The sensor will be evaluated on the following properties: driver and API, system requirements, limitations, and the like. An additional coil will be used depending on the requirement; distance between the object and the sensor.

Bridge/Driver Development

The bridge will be developed using MatLab. The bridge will communicate with the server for data storage and analysis. This software will directly communicate with the sensing device.

Data Gathering

Data gathering will have three phases: inductance reading before the tensile test, tensile test using a UTM, and inductance reading on a sample with a reinforced concrete.

This study will use two diameters of rebars; 10mm and 12mm and three grades for each; grade 33, 40 and 60.

Device Reading (w/o concrete)

Device readings such as proximity and inductance will be taken and with varying distance from 0  to 2 inches.

Tensile Test

Half of the samples will undergo Tensile Test using a UTM. Data such as minimum and maximum stress will be recorded.
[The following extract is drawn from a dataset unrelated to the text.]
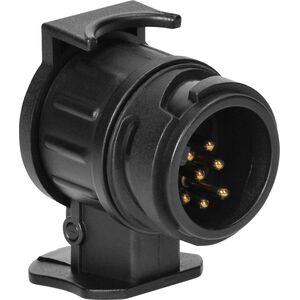 Orno Adapter gniazda przyczepy 13/7-pinowy tworzywo 12/24V 4563 9031151 5908254814563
Device Reading (w/ concrete)

Samples will be placed on a casted concrete at 2 inches and 4 inches thick. Inductance reading will be taken after 24hrs, on the 14th day, 28th day, and after 5 days of drying.

Client and Server Development

A client and server will be developed using MatLab, twitter bootstrap, jquery, html, css, php/python, and mysql as a database. The client will communicate with the server for the display of the processed data.

The server will accept query from the bridge and store the data into its database.


This phase involves data analysis. The main objective of this phase is to find the relationship between strength and inductance. This phase will also determine the accuracy of the device. This will also determine if the study is worthy for further research; such as noise cancellation and machine learning or a development of a better sensor.